If provided and color=None, hue is used.
layer
Included for API consistency; not used directly since this function operates on obs, not expression layers.
palette
Color palette for categorical coloring.
Default: “tab20”.
cmap
Colormap for numeric coloring.
Default: “viridis”.
legend
Whether to show a legend when coloring by categorical variables.
method
Which correlation(s) to compute and annotate:
“pearson”
“spearman”
“both” (default)
add_regline
If True, adds a least-squares regression line to each panel.
annotate
If True, annotates each panel with correlation statistics (r, p, n).
dropna
Whether to drop rows with NA in x or y before plotting.

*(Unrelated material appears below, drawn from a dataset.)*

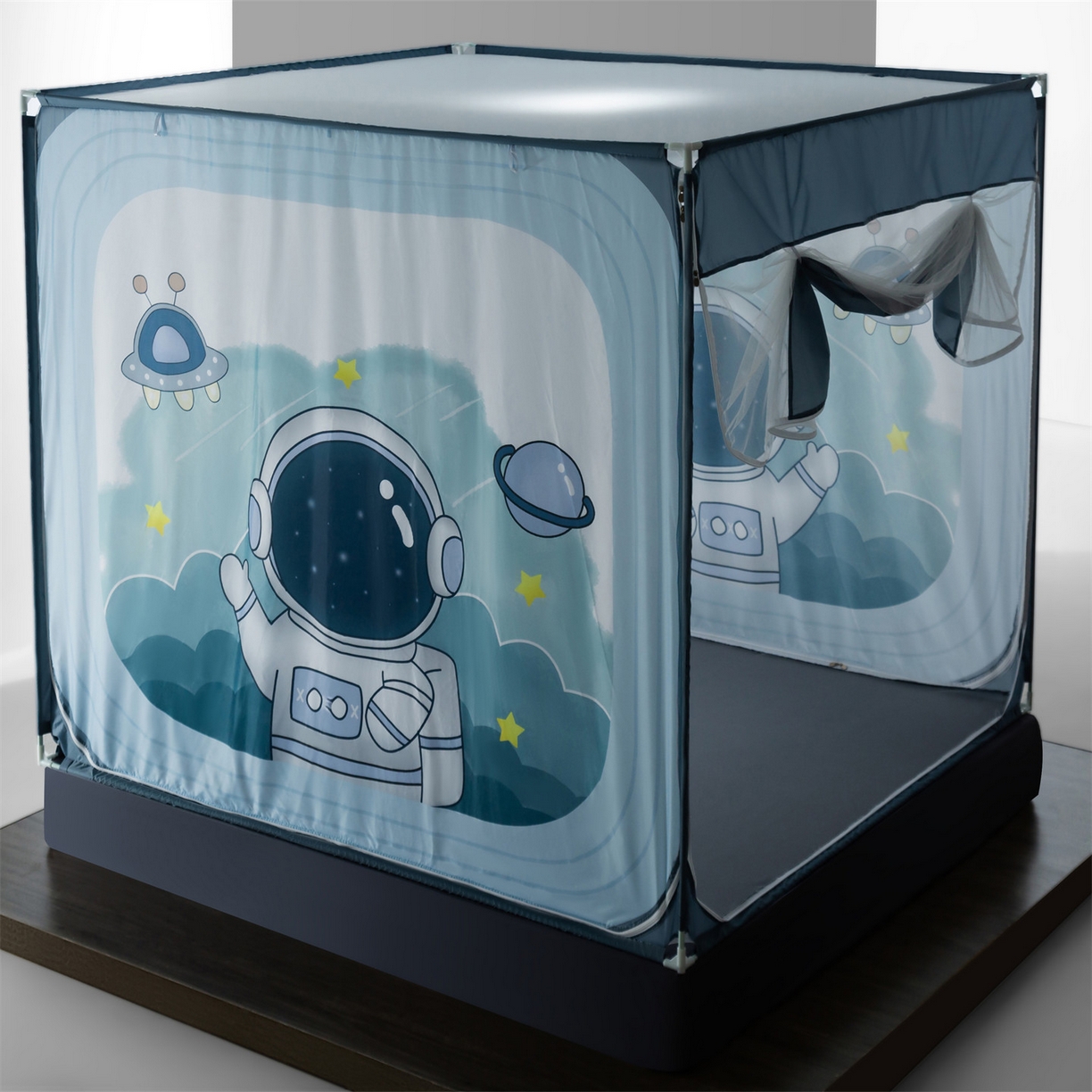 91家纺网 家纺一手货源 找家纺 飞轮海蚊帐 2026新款防摔全包防护坐床旗舰款蚊帐-Z72 太空人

Highly recommended (True by default).
point_size
Marker size for scatter points.
alpha
Transparency of scatter points.
figsize
Base figure size for a single panel.
If multiple panels are drawn, width is multiplied automatically unless panel_size is given.
panel_size
Explicit size (width, height) per panel.
Overrides figsize scaling when multiple panels are used.
title
Optional plot title
Applied to the figure if single panel
Ignored for multi-panel plots (to avoid repetition)
save
Path to save the figure (any format supported by Matplotlib).
show
Whether to display the figure via plt.show().
Returns#
(fig, axes, stats)
fig: Matplotlib Figure
axes: NumPy array of Axes (one per panel)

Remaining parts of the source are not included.